Start of DATA TO USE
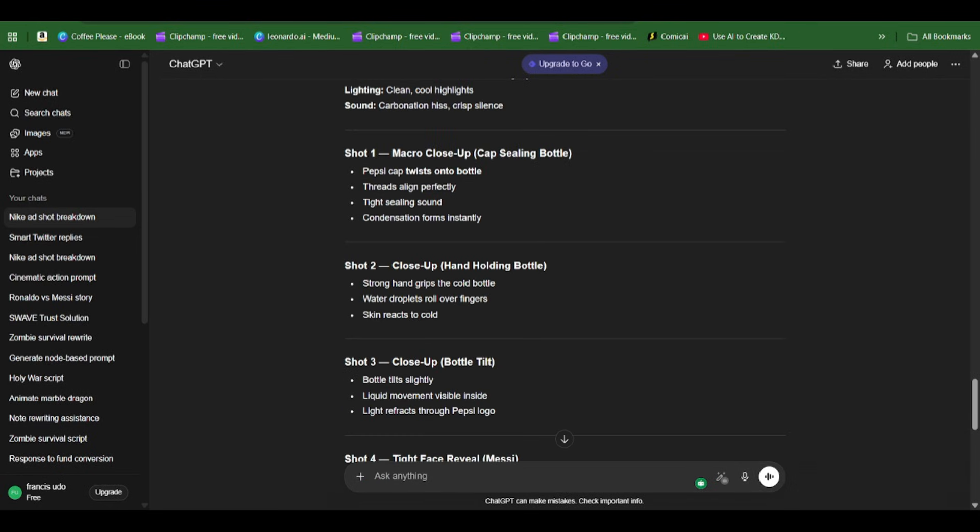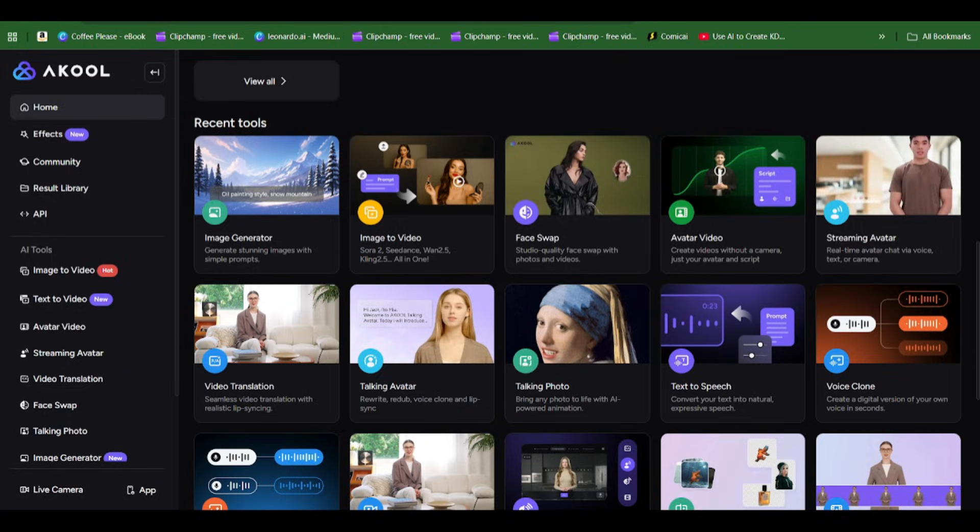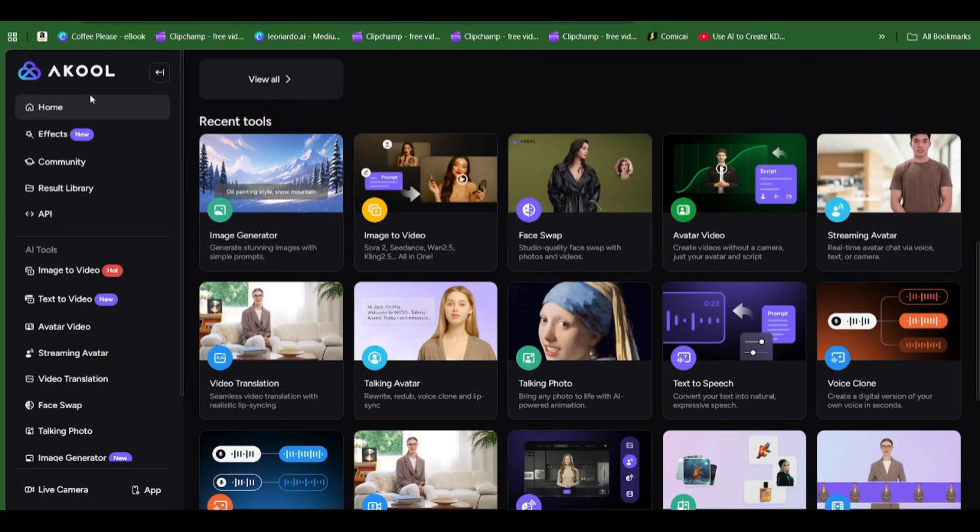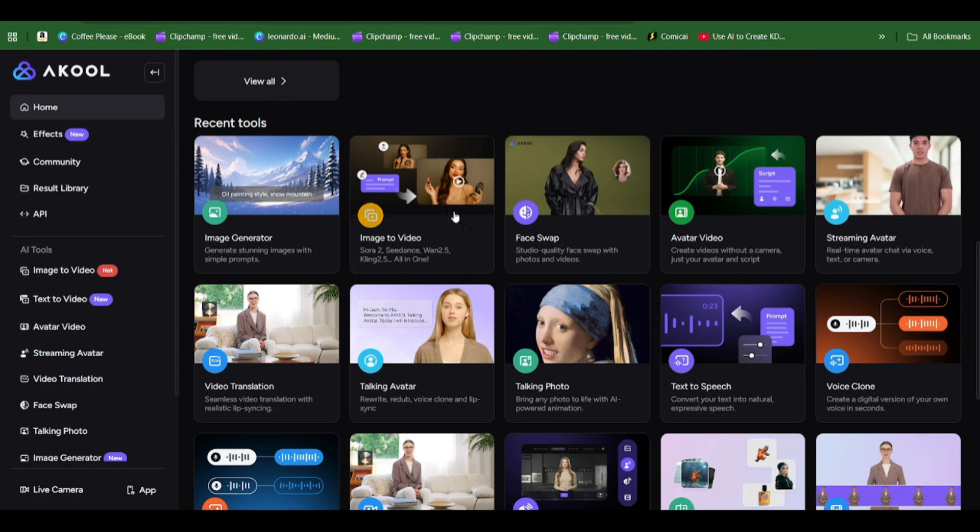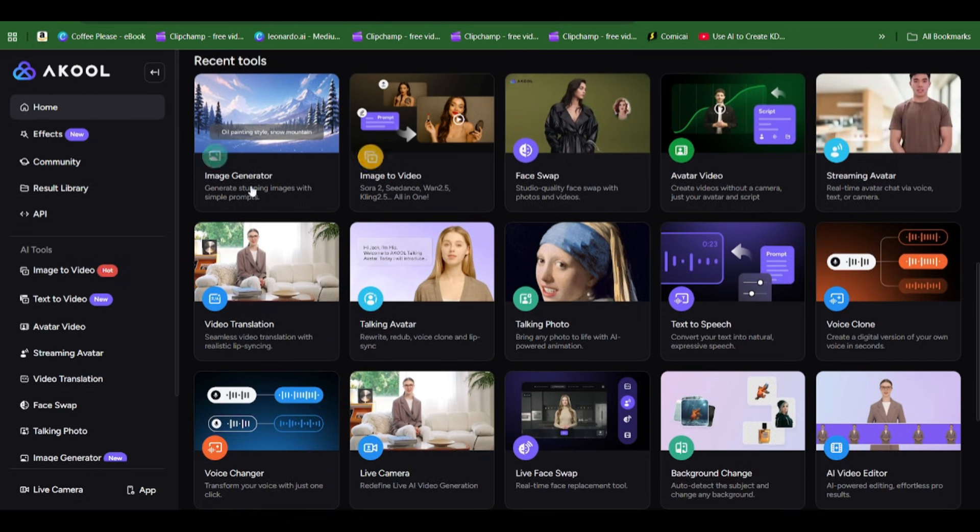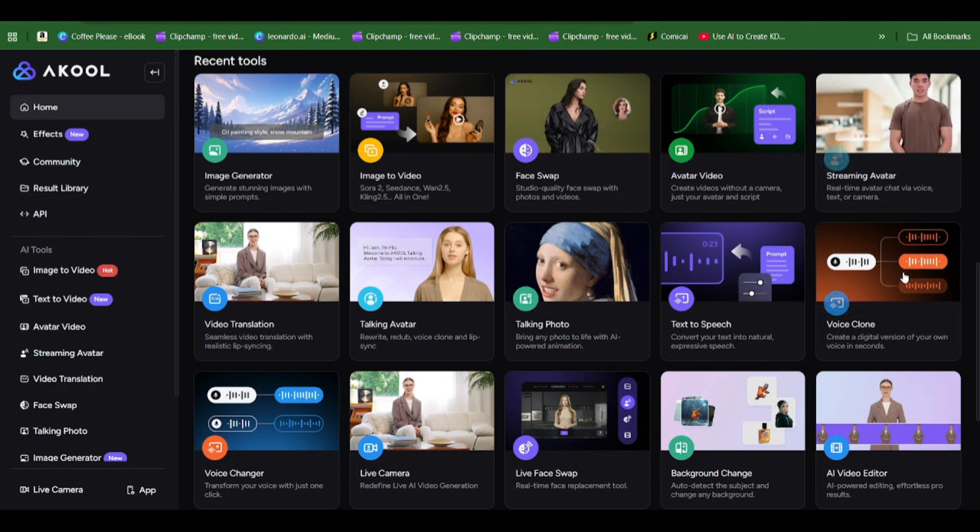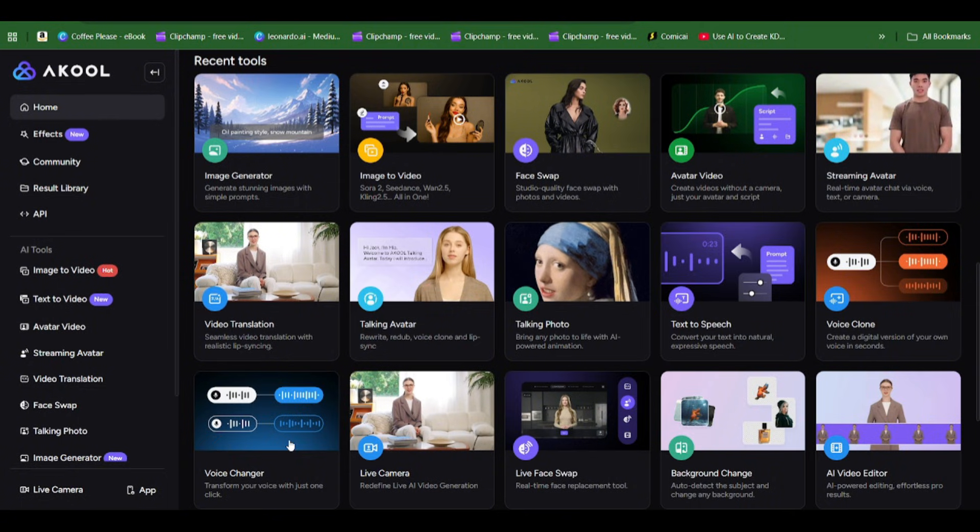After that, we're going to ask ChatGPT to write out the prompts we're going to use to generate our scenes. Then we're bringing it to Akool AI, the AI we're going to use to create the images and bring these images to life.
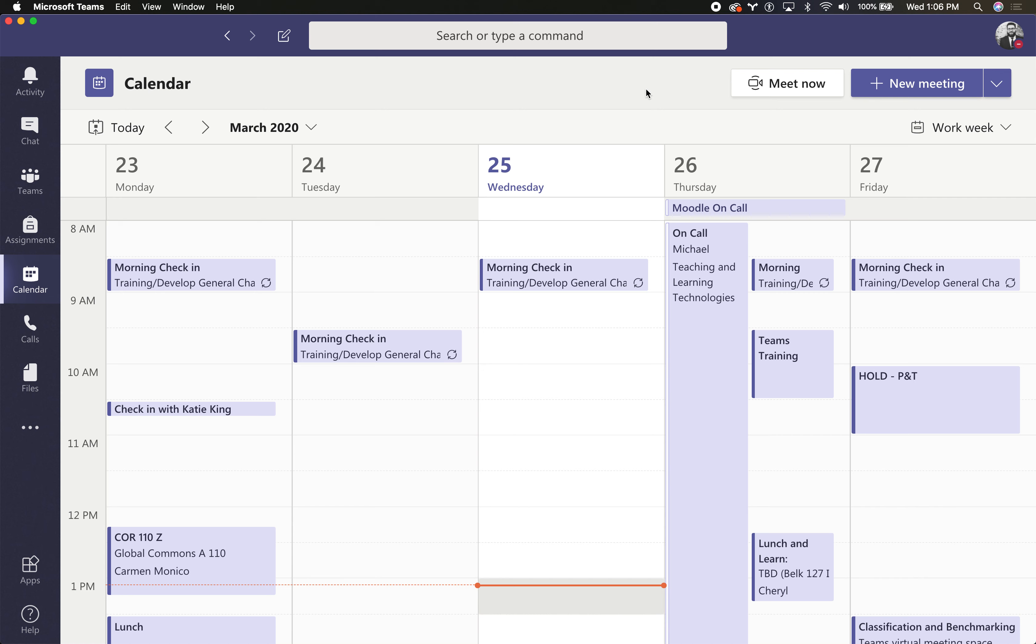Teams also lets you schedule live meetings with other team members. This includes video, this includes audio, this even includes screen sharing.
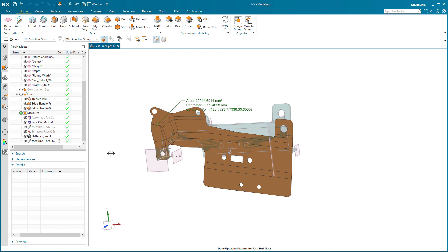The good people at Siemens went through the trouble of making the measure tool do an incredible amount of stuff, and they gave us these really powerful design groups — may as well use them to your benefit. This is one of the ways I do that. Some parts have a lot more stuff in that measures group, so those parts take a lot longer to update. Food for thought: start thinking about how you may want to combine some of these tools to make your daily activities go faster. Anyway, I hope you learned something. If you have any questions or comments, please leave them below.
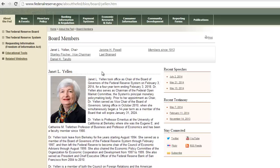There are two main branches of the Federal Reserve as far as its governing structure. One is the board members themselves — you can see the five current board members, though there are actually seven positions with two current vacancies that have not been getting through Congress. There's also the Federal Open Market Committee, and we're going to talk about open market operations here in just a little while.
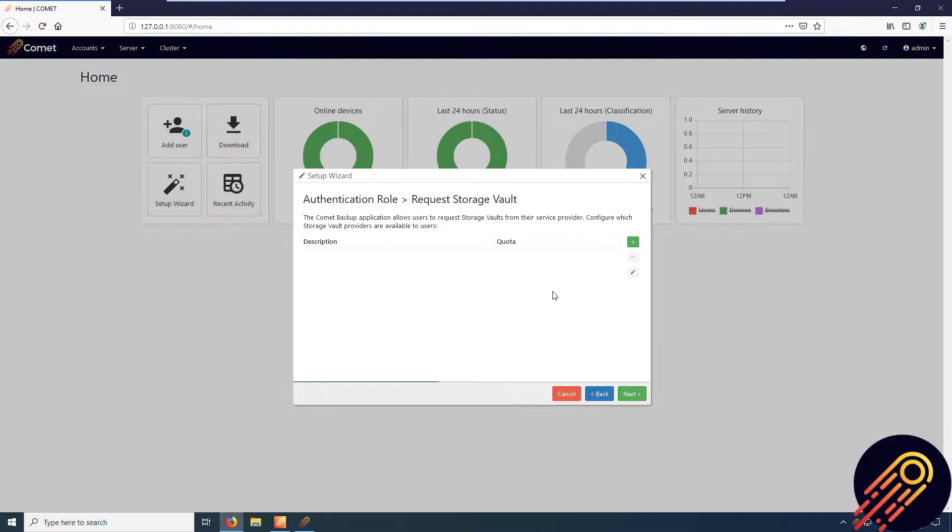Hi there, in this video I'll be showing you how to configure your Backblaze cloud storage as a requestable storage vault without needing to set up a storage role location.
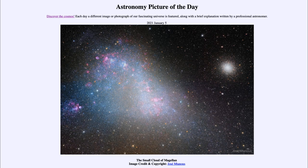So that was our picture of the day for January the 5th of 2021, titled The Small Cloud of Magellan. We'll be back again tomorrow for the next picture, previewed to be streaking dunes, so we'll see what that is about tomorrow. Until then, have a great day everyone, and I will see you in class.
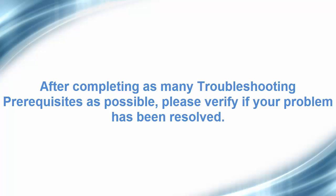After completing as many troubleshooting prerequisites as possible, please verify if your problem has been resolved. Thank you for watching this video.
End of DATA TO USE
#### [WORK ITEM]
Omit the pictures, then quote the rest of the material above exactly.

#### [TASK RESPONSE]
After that, we're going to ask ChatGPT to write out the prompts we're going to use to generate our scenes. Then we're bringing it to Akool AI, the AI we're going to use to create the images and bring these images to life.
Teams also lets you schedule live meetings with other team members. This includes video, this includes audio, this even includes screen sharing.
The good people at Siemens went through the trouble of making the measure tool do an incredible amount of stuff, and they gave us these really powerful design groups — may as well use them to your benefit. This is one of the ways I do that. Some parts have a lot more stuff in that measures group, so those parts take a lot longer to update. Food for thought: start thinking about how you may want to combine some of these tools to make your daily activities go faster. Anyway, I hope you learned something. If you have any questions or comments, please leave them below.
There are two main branches of the Federal Reserve as far as its governing structure. One is the board members themselves — you can see the five current board members, though there are actually seven positions with two current vacancies that have not been getting through Congress. There's also the Federal Open Market Committee, and we're going to talk about open market operations here in just a little while.
Hi there, in this video I'll be showing you how to configure your Backblaze cloud storage as a requestable storage vault without needing to set up a storage role location.
So that was our picture of the day for January the 5th of 2021, titled The Small Cloud of Magellan. We'll be back again tomorrow for the next picture, previewed to be streaking dunes, so we'll see what that is about tomorrow. Until then, have a great day everyone, and I will see you in class.
After completing as many troubleshooting prerequisites as possible, please verify if your problem has been resolved. Thank you for watching this video.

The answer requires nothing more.